KronisLV · on Feb 2, 2022

> ...as explained in the article, it could have affected any component. Telemetry happened to hit it first but anything using HTTP/3 with that path would have been affected.

Is this really relevant, though? To the users who were unable to use their browsers normally it doesn't matter that this problem could have occurred elsewhere as well, but rather that it did occur here in particular.

If particular sites would break, then that could be debugged separately, but as it stands even people who'd be perfectly fine with browsing regular HTTP/1.1 or HTTP/2 sites were also now impacted, not even due to opening a site that they wanted to visit themselves, but rather some background piece of functionality.

That's not to say that i think there shouldn't be telemetry in place, just that the poster is correct in saying that this wouldn't be such a high visibility issue if there was no telemetry in place and thus no HTTP/3 apart from sites the user visits.

acdha · on Feb 2, 2022

The comment I was replying to worded in a way which was trying to attribute blame to the telemetry service. As shown in this thread, there's a certain ideological position which welcomes any attacks on telemetry and I think that's a distraction from the technical discussion about how Mozilla could better have avoided a bug in their networking libraries.
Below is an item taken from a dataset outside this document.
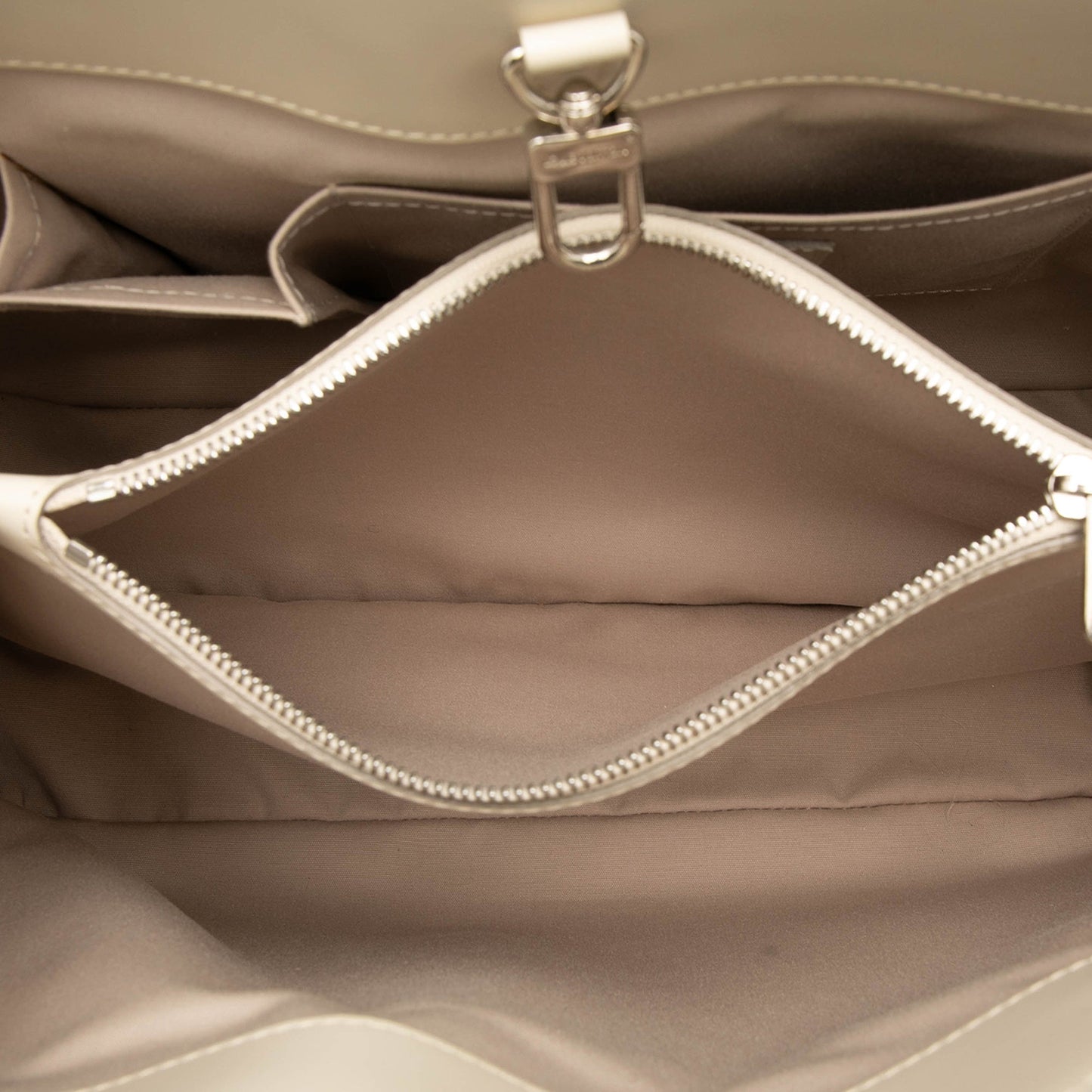 Louis Vuitton Epi Passy GM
Recognizing this as a bug in the network stack first triggered by Telemetry makes it clear that this is not the place to have the millionth iteration of flamewars about that service but rather questions like the design of that network loop or not having test suite of the intersection of those particular libraries.

KronisLV · on Feb 2, 2022

> Recognizing this as a bug in the network stack first triggered by Telemetry makes it clear that this is not the place to have the millionth iteration of flamewars about that service but rather questions like the design of that network loop or not having test suite of the intersection of those particular libraries.
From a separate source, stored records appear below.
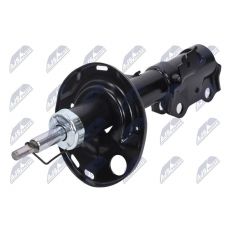 TLMIČ PREDNÝ TOYOTA PRIUS PLUS 11- ĽAVÝ  4852080270 A-TY-089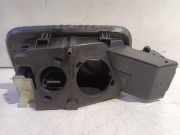 Tankklappe A4205841700 Mercedes-Benz Citan (420.6) Van 1.5 108 CDI (OM608.915(K9K-U8)) 2023-01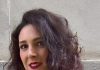 Musica Maestri, domenica 6 al Conservatorio Verdi Federica Cervasio (voce) ed Eddi De Nadai (pianoforte).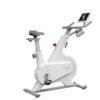 YESOUL dynamic bicycle wild beast indoor gym dedicated household small sports ultra-quiet bicycle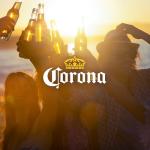 Corona Extra, 6 pk, 12 oz Bottles, 4.6% ABV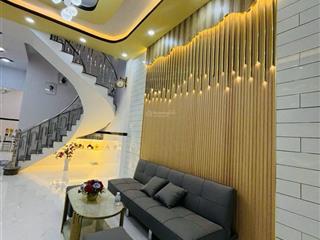Siu phẩm khu tên lửa 70m2đẹp mới tinhngay an lạckế bên aeon mall bình tângiáp q6giá chỉ hơn 5t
Surely one could adopt a "shared nothing" approach, or something close to it - a separate process for the telemetry functionality which only reads things from either shared memory or from the disk, where the main browser processes could put what's relevant/needed for it.

If a browser process fails to work with HTTP/3, i don't think the entire OS would suddenly find itself not having any network connectivity. For example, a Nextcloud client would still continue working and synchronizing files. If there was some critical bug in curl, surely that wouldn't necessarily bring down web browsers, like Chromium, either!

Why couldn't telemetry be implemented in a similarly decoupled way and thus eliminate the possibility of the "core browser" breaking due to something like this? Let the telemetry break in all the ways you're not aware of but let the browser continue working until it hits similar circumstances (if it at all will, HTTP/3 isn't all that common yet).

I don't care much for flame wars or "going full Stallman", but surely there is an argument to be made about increasing resiliency against situations like this one. Claiming that the current implementation of this telemetry is blameless doesn't feel adequate.

angus-prune · on Feb 2, 2022

> I can understand using a few resources in the background to serve some of that data, but it must never get in the way of actual work getting done.

Which is exactly how the code was intended to work. Firefox did not design their software to hang in the event of telementry losing internet access.

I don't know firefox's internal architecture or its development, what follows is pure conjecture.

Their intention seems to be to slowly migrate the codebase from C++ to Rust. That telemetry is the only function to so far rely on their new rust networking library viaduct (and thus trigger the bug) could be because they wanted use their least important fucntionality as a test bed. In which case, if there wasn't any telemetry, a different piece of code would have been migrated to rust first and triggered this same bug. Without the telemtry, it would have presumably taken them longer to realise that things had broken, let alone resolve it.